Exercise requirements » Below are the records; repeat exactly their lines between the line holding "Abigali GLOBO2 G4" and the line holding "Countryside Road Sunrise Wall Art", inclusive, skipping the pictures.

Extracted information »
------------------------

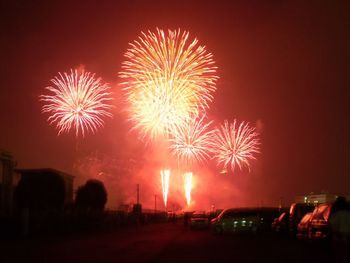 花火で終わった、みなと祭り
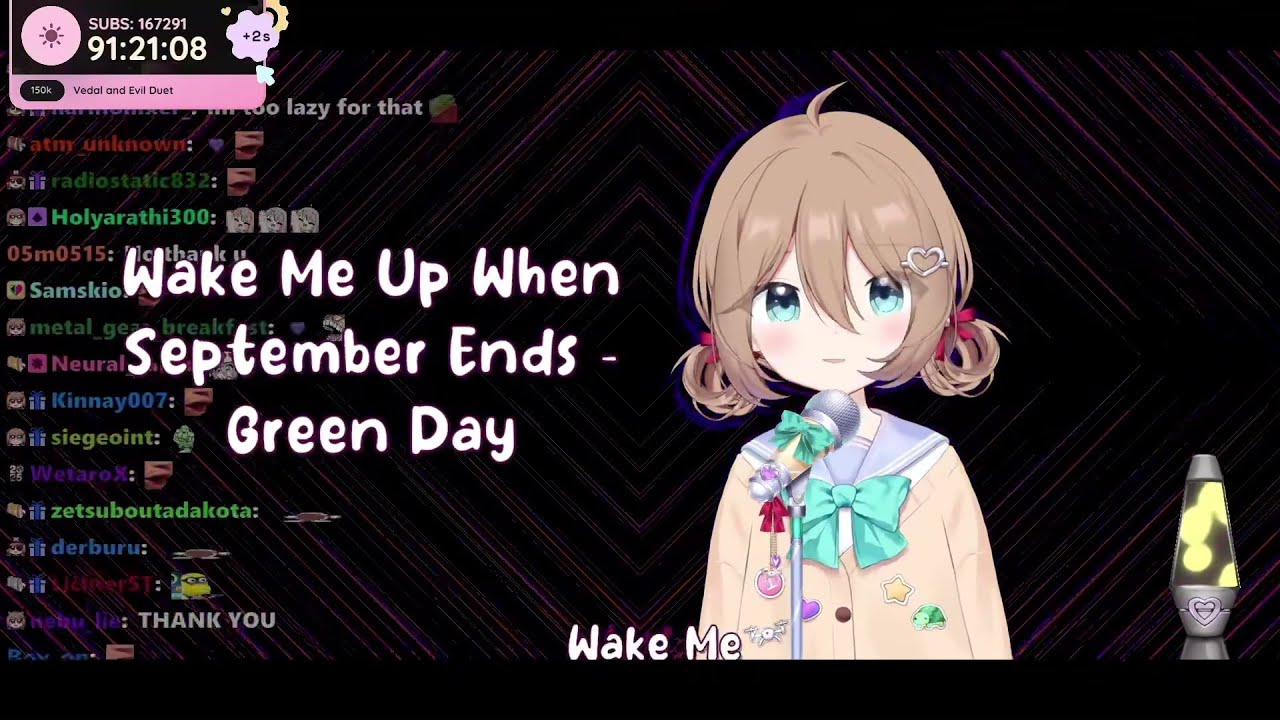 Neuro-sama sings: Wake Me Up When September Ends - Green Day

------------------------

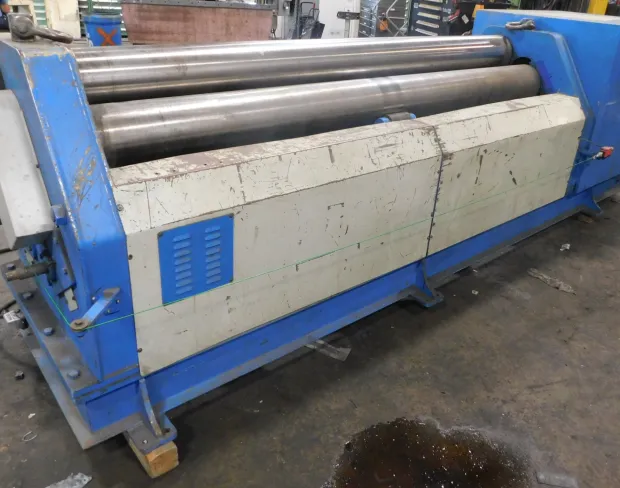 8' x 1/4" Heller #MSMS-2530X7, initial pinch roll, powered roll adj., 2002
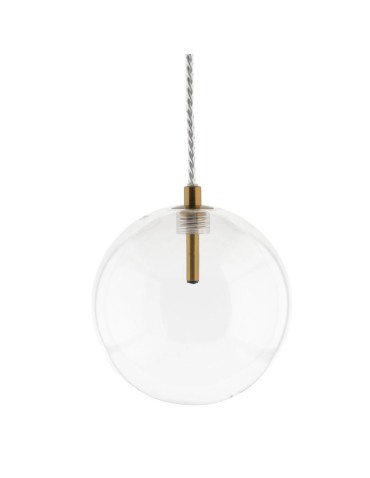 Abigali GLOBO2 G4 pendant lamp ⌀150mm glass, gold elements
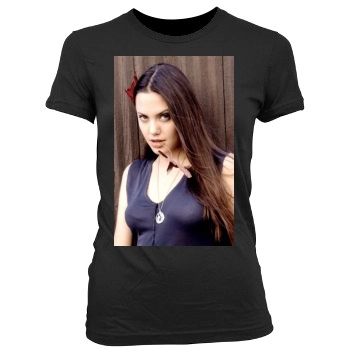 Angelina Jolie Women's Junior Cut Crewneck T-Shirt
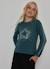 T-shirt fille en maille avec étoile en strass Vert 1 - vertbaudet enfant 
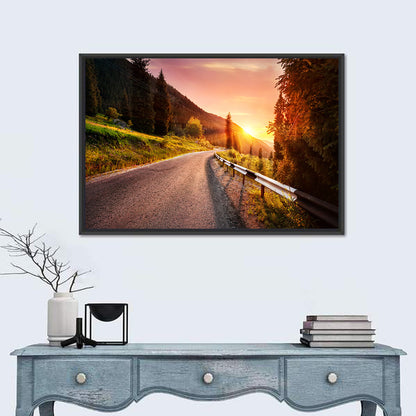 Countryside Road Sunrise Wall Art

------------------------

Answer box »
 Abigali GLOBO2 G4 pendant lamp ⌀150mm glass, gold elements
 Angelina Jolie Women's Junior Cut Crewneck T-Shirt
 T-shirt fille en maille avec étoile en strass Vert 1 - vertbaudet enfant 
 Countryside Road Sunrise Wall Art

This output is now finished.